Les Roumains, les poètes et nous

Il y a quelques semaines, j’ai eu l’occasion de revoir Videograms of a Revolution, un documentaire de Harun Farocki et Andrei Ujica – que je vous recommande vivement – présentant la révolution roumaine de décembre 1989 à travers des montages de l’époque.

On y voit le tyran Ceausescu en plein discours, chassé du lutrin, chassé du siège du Comité Central, chassé de Bucarest puis finalement chassé du pouvoir par la population roumaine, écoeurée. On voit ensuite les premières images transmises à partir des studios de télévision triomphalement libérés par la foule pressée d’annoncer les succès de la révolution. Vous savez, d’ailleurs, qui a été le premier personnage présenté par les caméras comme symbole de l’émancipation? Ce n’était pas un leader politique ni un activiste notoire. Ce n’était même pas un militaire dissident.

C’était Mircea Dinescu, un poète.

L’anecdote, portant l’image de la foule transportée par les vers inspirés du créateur trop longtemps bâillonné, a en elle-même quelque chose d’assez poétique. Elle peut également nous faire rêver d’une société où la poésie serait mieux considérée et appréciée. J’en ai assez de voir les gens lever le nez sur cette forme d’expression par ignorance ou par apathie. Notre poésie, on la trouve plate, inaccessible et démodée. Elle est désormais si mal comprise et mésestimée qu’on n’arrive même plus à l’identifier ou à comprendre son importance véritable.

Car en plus d’être un art littéraire, une forme de création d’une grande noblesse et d’une grande élégance, l’art poétique doit également être l’expression d’une authenticité collective ou individuelle, d’un sentiment et d’une réalité à exprimer et à recréer.

Charles Beaudelaire disait d’ailleurs que « Tout homme bien portant peut se passer de manger pendant deux jours, de poésie, jamais ».

Cette poésie à laquelle il fait référence, elle est vivante. Elle n’est que le simple fruit de nos expériences, de nos contemplations, de nos sensations et émotions quotidiennes. Tous ces moments ne sont que des pièces poétiques attendant la plume.

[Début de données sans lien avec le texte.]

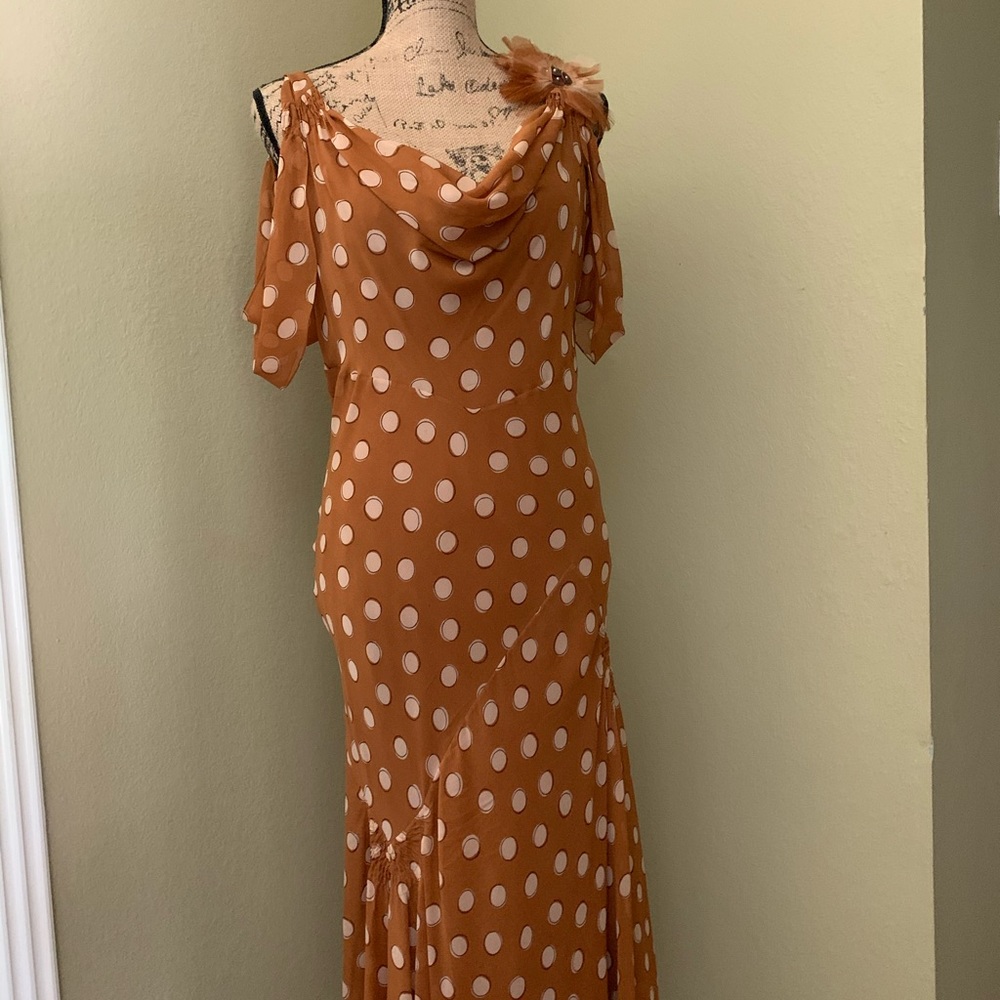 John Galliano Designer Silk Dress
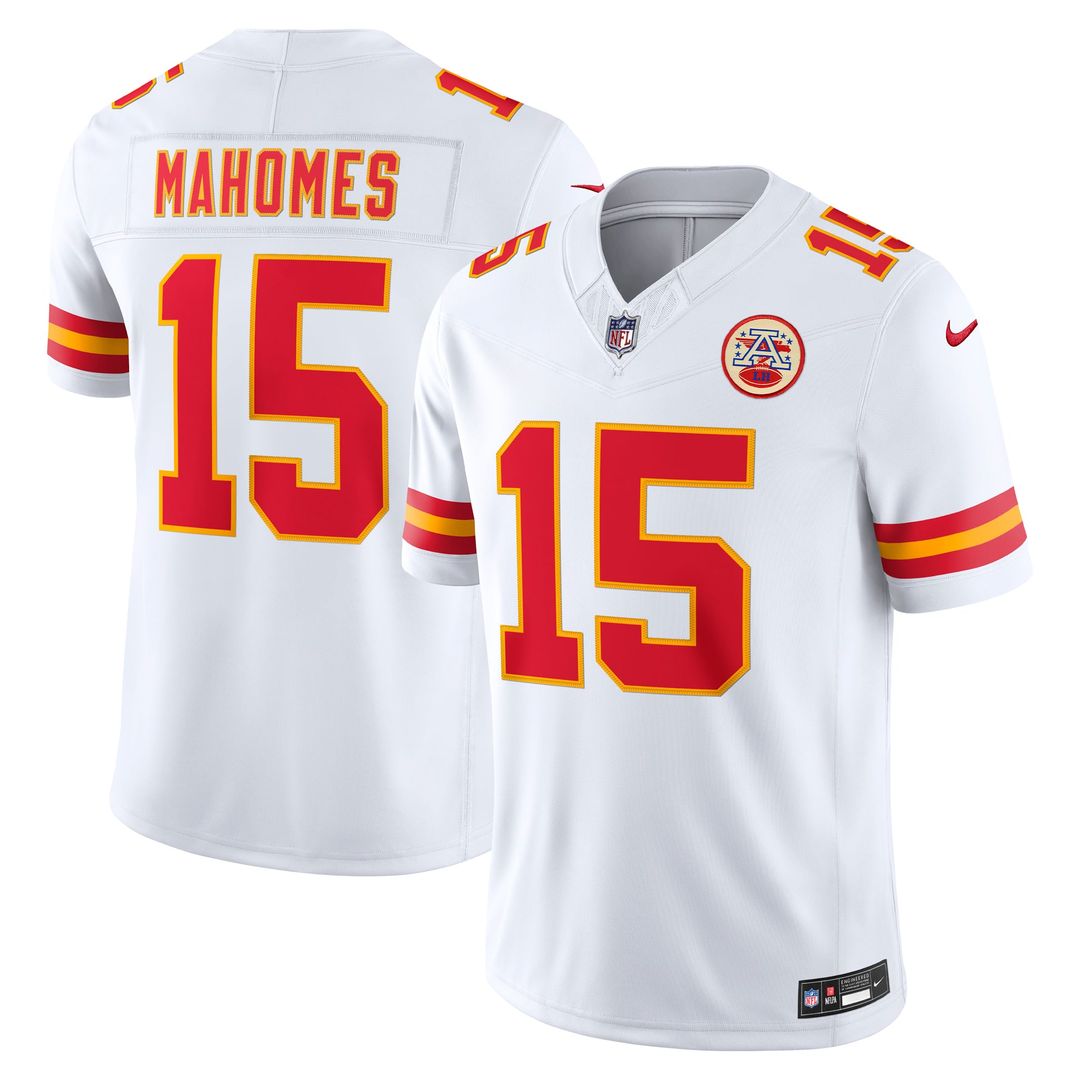 Kansas City Chiefs Patrick Mahomes Nike White Vapor FUSE Stitched Limited Jersey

Comme Mircea Dinescu l’a été en 1989, dans son studio de télévision roumain, le poète reste finalement associé à un message d’émancipation. Il est à la fois le symbole et l’instrument de l’impression et de l’idée nouvelle. On devrait tous prendre la peine de s’improviser poète de temps en temps. D’ailleurs, si certains et certaines d’entre vous souhaitent continuer à vous approprier cet art et à le célébrer, ça tombe bien, toute la ville fête le Mois de la Poésie jusqu’au 31 mars. Allez donc voir.